Lösche mal den .metadata folder
Bei Eclipse ist da manchmal zu viel Mist drinne


----------



## acevik94 (28. Jul 2019)

Tobias-nrw hat gesagt.:


> Lösche mal den .metadata folder
> Bei Eclipse ist da manchmal zu viel Mist drinne


Ahhh jaa... Alles klar !? 
Also erstmal vielen Dank für die Antwort. Wie du geschrieben hast, habe ich den .metadata Ordner gelöscht hat aber nichts gebracht.
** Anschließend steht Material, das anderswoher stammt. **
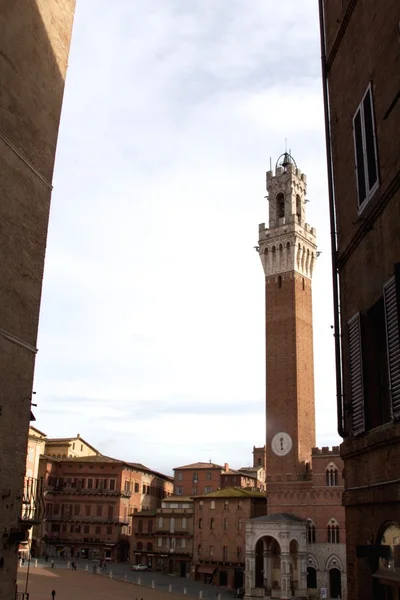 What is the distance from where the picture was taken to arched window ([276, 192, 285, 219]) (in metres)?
64.8

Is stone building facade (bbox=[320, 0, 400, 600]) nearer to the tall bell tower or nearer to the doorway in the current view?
the doorway

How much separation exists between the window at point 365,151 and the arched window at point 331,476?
4666 cm

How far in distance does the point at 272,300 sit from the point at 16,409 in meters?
50.5

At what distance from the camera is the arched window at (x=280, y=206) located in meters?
64.8

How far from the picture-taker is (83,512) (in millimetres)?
66438

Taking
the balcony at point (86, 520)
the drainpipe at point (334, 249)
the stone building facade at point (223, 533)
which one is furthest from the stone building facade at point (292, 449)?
the drainpipe at point (334, 249)

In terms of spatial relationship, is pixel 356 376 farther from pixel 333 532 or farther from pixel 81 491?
pixel 81 491

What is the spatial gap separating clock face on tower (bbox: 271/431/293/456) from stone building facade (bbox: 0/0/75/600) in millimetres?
45320

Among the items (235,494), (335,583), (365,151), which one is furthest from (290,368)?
(365,151)

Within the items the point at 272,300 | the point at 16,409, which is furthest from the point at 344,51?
the point at 272,300

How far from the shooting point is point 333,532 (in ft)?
165

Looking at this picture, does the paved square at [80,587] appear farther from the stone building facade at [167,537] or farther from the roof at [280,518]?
the stone building facade at [167,537]

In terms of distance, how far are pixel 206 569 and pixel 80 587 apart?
17039 millimetres

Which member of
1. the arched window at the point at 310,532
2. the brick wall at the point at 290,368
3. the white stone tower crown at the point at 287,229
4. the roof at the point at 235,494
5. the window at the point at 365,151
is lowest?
the arched window at the point at 310,532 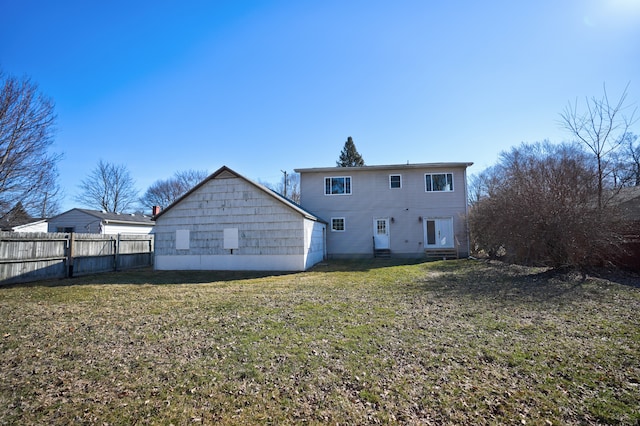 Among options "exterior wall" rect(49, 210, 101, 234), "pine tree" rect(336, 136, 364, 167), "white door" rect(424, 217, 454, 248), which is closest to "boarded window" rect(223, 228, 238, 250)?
"white door" rect(424, 217, 454, 248)

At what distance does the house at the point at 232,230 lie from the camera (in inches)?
580

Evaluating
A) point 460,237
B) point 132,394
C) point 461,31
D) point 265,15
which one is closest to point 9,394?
point 132,394

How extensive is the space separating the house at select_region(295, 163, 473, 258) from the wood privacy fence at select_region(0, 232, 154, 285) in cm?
1108

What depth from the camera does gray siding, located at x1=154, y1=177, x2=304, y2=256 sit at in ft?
48.4

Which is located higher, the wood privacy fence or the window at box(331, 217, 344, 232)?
the window at box(331, 217, 344, 232)

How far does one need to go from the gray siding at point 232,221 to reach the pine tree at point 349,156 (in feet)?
88.7

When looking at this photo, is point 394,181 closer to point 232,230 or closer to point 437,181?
point 437,181

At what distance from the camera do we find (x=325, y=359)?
167 inches

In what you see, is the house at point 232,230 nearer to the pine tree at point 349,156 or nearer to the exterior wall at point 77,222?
the exterior wall at point 77,222

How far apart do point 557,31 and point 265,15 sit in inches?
360

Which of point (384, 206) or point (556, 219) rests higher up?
point (384, 206)

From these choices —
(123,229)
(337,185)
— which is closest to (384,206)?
(337,185)

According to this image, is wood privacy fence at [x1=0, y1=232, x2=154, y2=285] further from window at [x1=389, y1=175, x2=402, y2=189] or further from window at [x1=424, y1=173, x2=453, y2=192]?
window at [x1=424, y1=173, x2=453, y2=192]

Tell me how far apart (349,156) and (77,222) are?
30558 millimetres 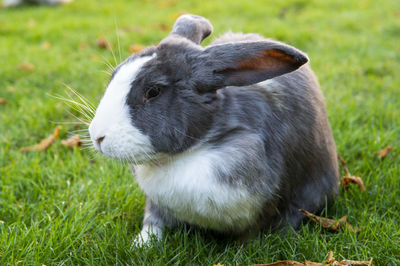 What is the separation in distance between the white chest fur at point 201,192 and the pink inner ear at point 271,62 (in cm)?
44

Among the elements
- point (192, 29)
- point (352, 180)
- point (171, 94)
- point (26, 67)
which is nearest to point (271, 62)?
point (171, 94)

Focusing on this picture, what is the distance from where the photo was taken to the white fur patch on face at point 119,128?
85.1 inches

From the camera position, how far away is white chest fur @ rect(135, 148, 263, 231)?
7.46 feet

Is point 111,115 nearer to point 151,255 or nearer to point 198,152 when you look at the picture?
point 198,152

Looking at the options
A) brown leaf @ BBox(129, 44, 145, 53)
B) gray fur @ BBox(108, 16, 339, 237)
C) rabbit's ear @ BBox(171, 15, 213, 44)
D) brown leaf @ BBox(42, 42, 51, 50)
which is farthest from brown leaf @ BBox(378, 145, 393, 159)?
brown leaf @ BBox(42, 42, 51, 50)

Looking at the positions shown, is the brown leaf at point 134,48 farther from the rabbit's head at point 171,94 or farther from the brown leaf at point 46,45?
the rabbit's head at point 171,94

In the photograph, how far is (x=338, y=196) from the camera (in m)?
2.96

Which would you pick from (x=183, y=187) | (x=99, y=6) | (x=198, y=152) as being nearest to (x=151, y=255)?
(x=183, y=187)

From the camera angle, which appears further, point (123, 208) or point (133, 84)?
point (123, 208)

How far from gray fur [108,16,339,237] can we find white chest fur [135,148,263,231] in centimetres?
4

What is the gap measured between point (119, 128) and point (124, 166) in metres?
1.20

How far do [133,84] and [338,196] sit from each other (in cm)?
150

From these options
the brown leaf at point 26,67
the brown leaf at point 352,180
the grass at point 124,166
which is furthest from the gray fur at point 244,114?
the brown leaf at point 26,67

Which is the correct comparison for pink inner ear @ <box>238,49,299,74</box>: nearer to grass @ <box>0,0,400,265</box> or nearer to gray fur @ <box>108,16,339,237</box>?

Zu Testzwecken habe ich ein anderes Projekt erstellt und mir sind dabei 2 Dinge aufgefallen. 
1. Mein Projektname hatte Umlaute
2. aus irgendeinem Grund war die Option "inherited abstract methods" nicht markiert.
Der Projektname hat jetzt keine Umlaute und die "inherited abstract methods" Option ist markiert. 
Et voilà ! Es klappt


----------



## Xyz1 (28. Jul 2019)

Eigentlich fragt er dich dann nochmal, welches die Hauptklasse ist. Und naja meine Glaskugel ist nicht so gut und erkennt nicht erwähnte Sonderzeichen nich...


----------



## M.L. (29. Jul 2019)

Selbstversuch mit Eclipse 2019-03 (ohne .metadata zu löschen), JDK 12 und die ebengenannten 'Fehler' wurden absichtlich eingebaut:


> 1. Mein Projektname hatte Umlaute
> 2. aus irgendeinem Grund war die Option "inherited abstract methods" nicht markiert.
> Der Projektname hat jetzt keine Umlaute und die "inherited abstract methods" Option ist markiert.
> Et voilà ! Es klappt


....jedenfalls gibt es hier auch ohne Rückfrage eine Ausgabe:


----------



## Xyz1 (29. Jul 2019)

Wo issen das package?


----------



## M.L. (29. Jul 2019)

> Wo issen das package?


 ...eine Illusion weniger:


----------



## Robat (29. Jul 2019)

Wie sieht denn die Run Configuration aus?


----------